Dans La Croix, l’ancien secrétaire général de l’Union internationale des travailleurs de l’alimentation (UITA), Ron Oswald, dénonce une « ingénierie financière » qui serait en train de faire pression sur Danone parce que sa direction irait « trop loin sur les questions environnementales et sociales ».

 

Ce rapport de force divise jusqu’au conseil d’administration de l’entreprise : dans les pages du Monde, les journalistes Laurence Girard et Isabelle Chaperon relatent une ambiance à couteaux tirés entre les administrateurs « pro-Faber » et les « anti-Faber ». Cette opposition se retrouve dans l’entreprise, entre « d’un côté, des opérationnels en souffrance, confrontés à des coupes sur les moyens alloués aux marques, à des réorganisations perpétuelles et se sentant abandonnés par le siège et, de l’autre, des spécialistes du développement durable, à fond derrière M. Faber ». Si les sujets épineux n’ont pas été frontalement abordés lors de la dernière présentation des résultats du groupe, la prochaine assemblée générale des actionnaires le 29 avril prochain, promet d’être mouvementée.

 

Rien n’est joué pour Faber

 

Emmanuel Faber est-il condamné ? Rien n’est moins sûr, car les chiffres annoncés vendredi dernier délégitiment quelque peu les propos des actionnaires mécontents : les résultats financiers sont finalement rassurants pour le groupe et surtout meilleurs que Nestlé, dont les fonds activistes n’avaient jusque-là de cesse de montrer en exemple.

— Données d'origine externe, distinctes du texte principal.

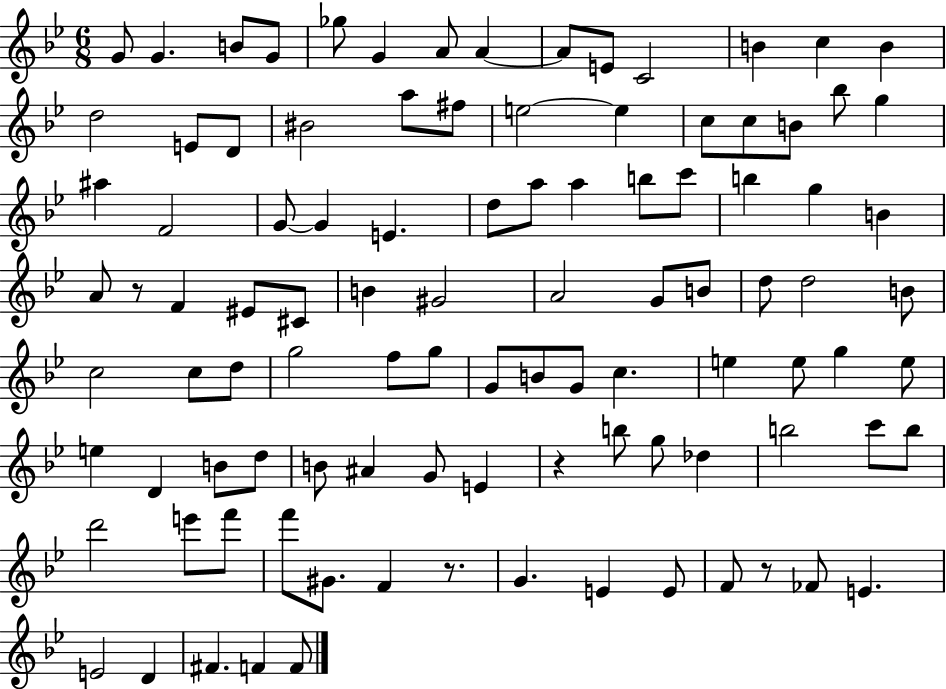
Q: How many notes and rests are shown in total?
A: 101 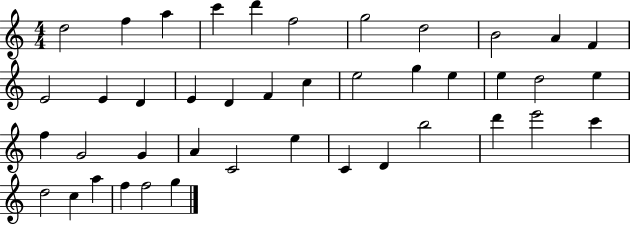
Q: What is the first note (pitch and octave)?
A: D5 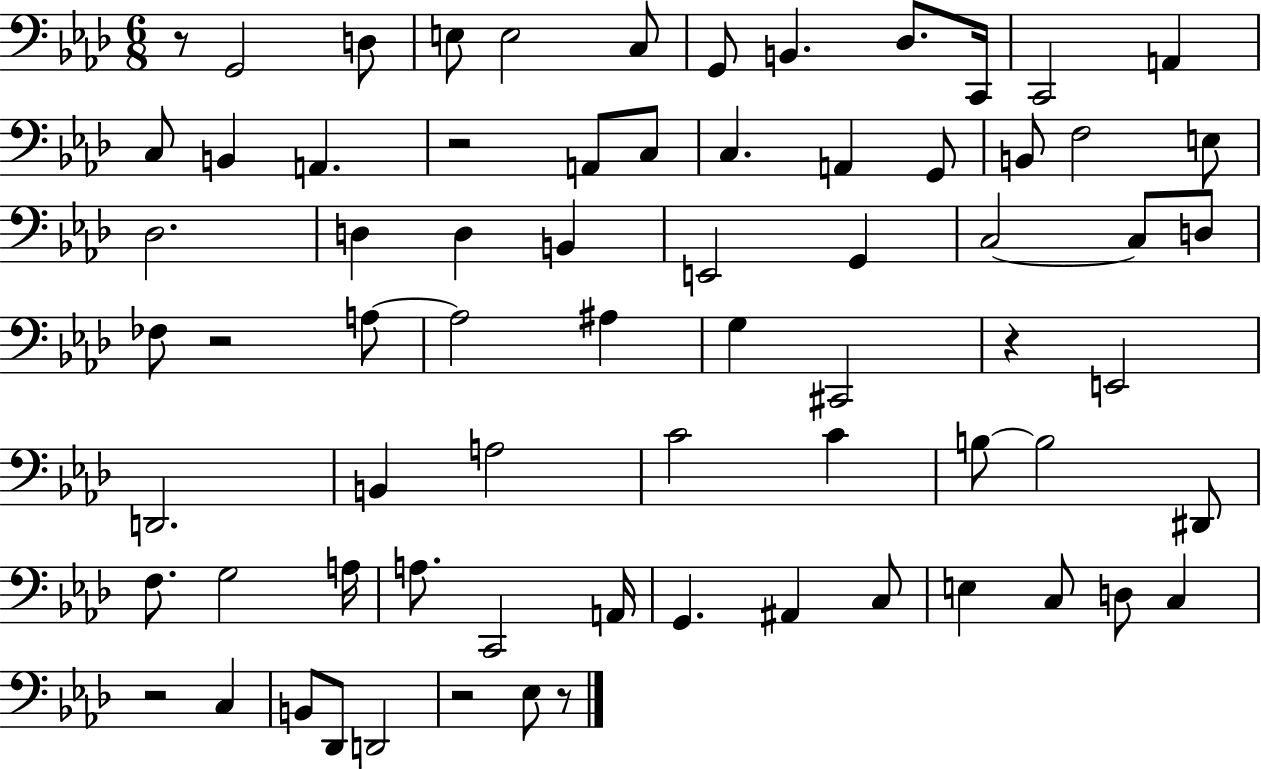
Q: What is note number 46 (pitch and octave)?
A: D#2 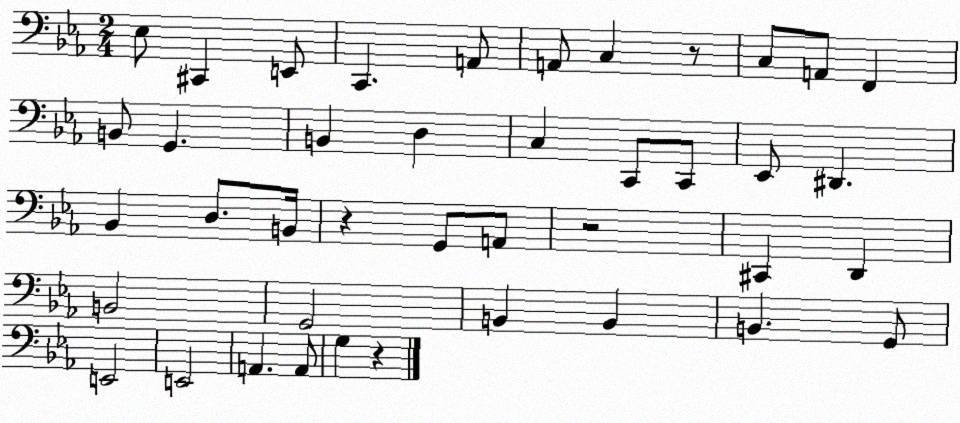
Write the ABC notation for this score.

X:1
T:Untitled
M:2/4
L:1/4
K:Eb
_E,/2 ^C,, E,,/2 C,, A,,/2 A,,/2 C, z/2 C,/2 A,,/2 F,, B,,/2 G,, B,, D, C, C,,/2 C,,/2 _E,,/2 ^D,, _B,, D,/2 B,,/4 z G,,/2 A,,/2 z2 ^C,, D,, B,,2 G,,2 B,, B,, B,, G,,/2 E,,2 E,,2 A,, A,,/2 G, z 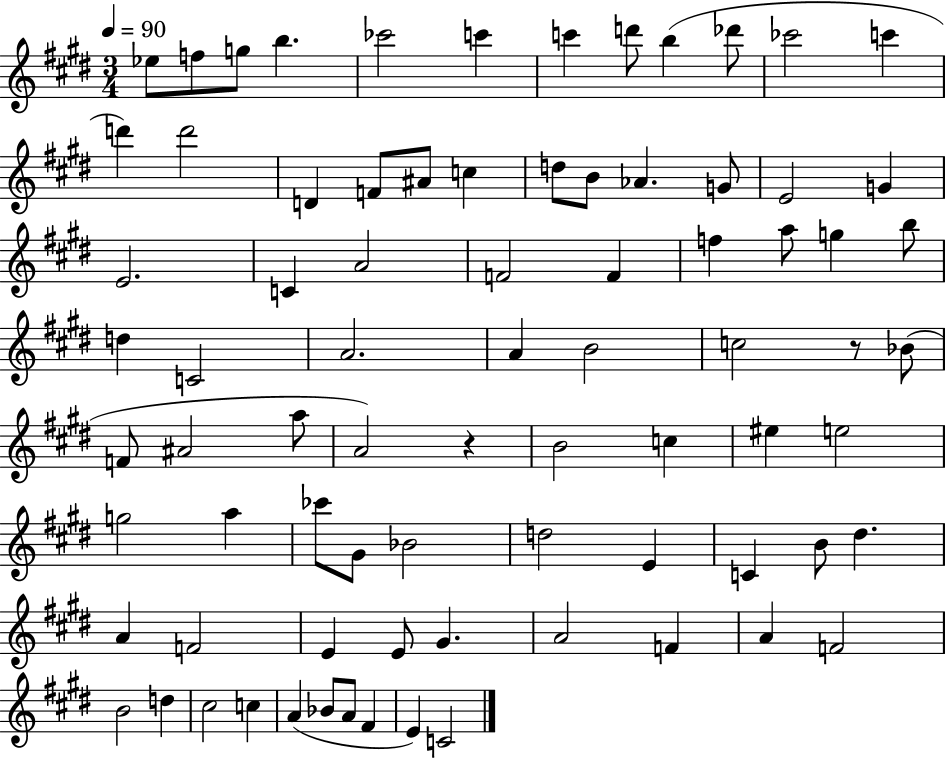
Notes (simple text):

Eb5/e F5/e G5/e B5/q. CES6/h C6/q C6/q D6/e B5/q Db6/e CES6/h C6/q D6/q D6/h D4/q F4/e A#4/e C5/q D5/e B4/e Ab4/q. G4/e E4/h G4/q E4/h. C4/q A4/h F4/h F4/q F5/q A5/e G5/q B5/e D5/q C4/h A4/h. A4/q B4/h C5/h R/e Bb4/e F4/e A#4/h A5/e A4/h R/q B4/h C5/q EIS5/q E5/h G5/h A5/q CES6/e G#4/e Bb4/h D5/h E4/q C4/q B4/e D#5/q. A4/q F4/h E4/q E4/e G#4/q. A4/h F4/q A4/q F4/h B4/h D5/q C#5/h C5/q A4/q Bb4/e A4/e F#4/q E4/q C4/h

En interne, certaines voix se font entendre : Pascal Lamy, l’ancien directeur général de l’OMC et président du comité chargé d’évaluer la mise en œuvre des engagements du groupe agroalimentaire en tant qu’entreprise à mission, a menacé de « rendre son tablier » si le conseil d’administration lâchait le PDG.

 

Enfin et surtout, front commun chez les organisations syndicales (ce qui est suffisamment rare pour le souligner) pour défendre la direction actuelle. Dans La Croix, le délégué syndical FO du groupe Laurent Pouillen, explique cette prise de position : « Nous sommes attachés au double projet, économique et social, de Danone […] Or, nous craignons que la présence de fonds activistes, demandant une rentabilité à court terme, débouche sur des cessions d’activités. Nous sommes inquiets du risque de démantèlement du groupe ». En effet, le fonds Artisan propose déjà une cession de 30 % des activités eaux et produits laitiers, soit une suppression de quasiment mille emplois supplémentaires, une perte de 400 millions d’euros de chiffre d’affaires et, par-dessus le marché, une perte de 50 millions d’euros d’impôts sur les sociétés pour Bercy. Ces cessions pourraient en annoncer d’autres et purement et simplement menacer l’intégrité du groupe français. De quoi faire réagir Bruno le Maire ? Pour l’instant, le Ministre de l’Économie s’est bien gardé de prendre position sur le dossier.